Mr. Gonzáles was arrested by the United States authorities Feb. 6, 1971, when he entered the Canal Zone to attend a baseball game. He was flown to Texas to stand trial and was sentenced to five years. Mr. Tack exerted strong but unsuccessful diplomatic efforts to have him released, the subcommittee said.

"In case of need or emergency, warships may go to the head of the line of vessels in order to transit the canal rapidly."

What this unsigned document does not say, however, is who gets to decide what is a case of need or what is a case of emergency. Panama might have one idea about what constitutes an emergency situation and we might have another idea. Why not say it, Mr. President, in simple terms? I suggest the following, which may well be offered as an amendment to the treaty when it comes up here, in the Senate:

"United States warships have the right of priority passage at any time and may at all times proceed ahead of waiting merchantmen."

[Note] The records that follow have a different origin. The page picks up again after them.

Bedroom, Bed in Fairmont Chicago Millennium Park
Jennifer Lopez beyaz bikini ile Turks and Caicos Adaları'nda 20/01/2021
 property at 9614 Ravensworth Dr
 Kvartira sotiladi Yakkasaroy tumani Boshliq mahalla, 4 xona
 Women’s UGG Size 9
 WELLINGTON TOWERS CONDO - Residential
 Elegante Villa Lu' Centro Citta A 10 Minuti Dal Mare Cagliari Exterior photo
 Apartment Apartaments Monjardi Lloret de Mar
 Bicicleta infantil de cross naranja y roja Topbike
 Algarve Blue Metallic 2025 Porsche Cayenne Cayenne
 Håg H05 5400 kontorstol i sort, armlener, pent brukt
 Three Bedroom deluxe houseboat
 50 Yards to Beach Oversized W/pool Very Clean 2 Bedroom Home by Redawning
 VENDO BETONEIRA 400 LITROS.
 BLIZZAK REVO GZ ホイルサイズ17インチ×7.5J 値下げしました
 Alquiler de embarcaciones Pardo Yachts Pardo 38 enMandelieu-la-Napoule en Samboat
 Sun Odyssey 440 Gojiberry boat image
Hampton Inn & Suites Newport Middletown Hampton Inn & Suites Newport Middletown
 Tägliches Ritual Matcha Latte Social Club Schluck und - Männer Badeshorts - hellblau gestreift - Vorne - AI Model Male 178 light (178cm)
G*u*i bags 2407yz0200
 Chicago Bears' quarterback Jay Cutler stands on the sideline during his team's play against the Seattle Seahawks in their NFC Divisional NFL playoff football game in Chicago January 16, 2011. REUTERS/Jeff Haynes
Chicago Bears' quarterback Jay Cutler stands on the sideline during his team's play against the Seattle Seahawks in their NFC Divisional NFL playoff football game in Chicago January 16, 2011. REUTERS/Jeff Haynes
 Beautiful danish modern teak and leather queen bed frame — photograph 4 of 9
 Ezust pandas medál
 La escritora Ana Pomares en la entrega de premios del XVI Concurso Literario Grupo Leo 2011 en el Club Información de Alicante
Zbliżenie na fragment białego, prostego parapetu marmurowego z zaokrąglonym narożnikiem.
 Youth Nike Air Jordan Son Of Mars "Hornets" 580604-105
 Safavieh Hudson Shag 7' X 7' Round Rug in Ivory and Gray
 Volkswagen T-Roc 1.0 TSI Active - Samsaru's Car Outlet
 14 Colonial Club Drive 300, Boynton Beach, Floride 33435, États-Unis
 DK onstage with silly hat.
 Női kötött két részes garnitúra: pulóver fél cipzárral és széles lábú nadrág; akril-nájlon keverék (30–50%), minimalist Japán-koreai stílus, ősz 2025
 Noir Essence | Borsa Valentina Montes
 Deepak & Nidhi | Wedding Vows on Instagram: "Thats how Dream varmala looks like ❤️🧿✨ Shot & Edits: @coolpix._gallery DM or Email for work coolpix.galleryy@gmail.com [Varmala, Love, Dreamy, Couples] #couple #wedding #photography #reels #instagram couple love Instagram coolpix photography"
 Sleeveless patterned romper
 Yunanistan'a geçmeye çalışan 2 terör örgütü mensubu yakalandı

No, Mr. President, I guess that is too simple so we have elected instead in this. unsigned, meaningless, nonbinding, and confusing document to foment still further potential disagreement by apparently leaving to the Panamanians the right to determine what emergency or which case of need is sufficient to justify priority passage by American war vessels. I think I shall change this word that I have suggested, "waiting merchantmen" to say merely "waiting vessels" rather than merchantmen; that U.S. warships have the right of priority passage at any time and may at all times proceed ahead of waiting vessels.

But listen, Mr. President, what former Ambassador Linowitz is reported to have said on this subject:

"We are hoping it will lay to rest the questions that have been raised so that we can go forward with the approval of the treaties. I don't think, personally, that any further action will be required.”

Former Ambassador Linowitz does not seem to be paying too much attention to what is going on over here on the Senate floor, Mr. President, because if he did, he would know that this unsigned, ambiguous document clarifies nothing and does nothing whatsoever to address the many, many other serious-indeed, fataldefects found throughout the proposed treaties.

I would suggest, Mr. President, that the Department of State pay closer attention to what is being said over here in the Senate because sooner or later, the Department of State has to face up to the simple fact that these treaties are so poorly drafted throughout that the Senate could not properly consent to their ratification. Even proponents of a canal giveaway recognize that fact. Even proponents recognize that both treaties must be rewritten in their entirety.

In my judgment, Mr. President, the Senate should undertake this onerous task. The Senate should, by amendment, rewrite these disastrous proposals now under study in the Committee on Foreign Relations. The Senate should, acting as the Committee of the Whole, sit down to the hard work of undoing the damage and unraveling the mystery of why the Department of State was incapable of reaching an agreement with the Panamanian negotiators which could, at a minimum, protect the vital national security interests of our country.

Unsigned documents clarifying nothing, understandings of no binding legal effect, reservations of rights not agreed to by the other party, are not going to be sufficient. Fanfare and hoopla in the press is not going to be sufficient. The only course of action is extensive and thorough page-by-page, paragraph-by-paragraph, sentence-by-sentence, word-by-word consideration and amendment of each and every provision of both treaties. Both treaties, Mr. President. This process will be long and tedious, very long and very tedious, but if these treaties are not soon withdrawn, it is a duty, Mr. President, we must soon undertake inasmuch as others have not. We must unfortunately also go ahead with the painful process of resolving all of the questions surrounding the peculiar manner in which the treaties were negotiated.

Mr. President, I feel that, as time goes on, we shall see other statements to clear up other ambiguities. I feel that, in the final analysis, we are going to have to amend these treaties here, on the floor of the Senate, and send this amended treaty back to the negotiators to serve as a guideline for further negotiation. Mr. President, I appreciate the Chair's lenience. I know I have consumed all my time. I yield the floor.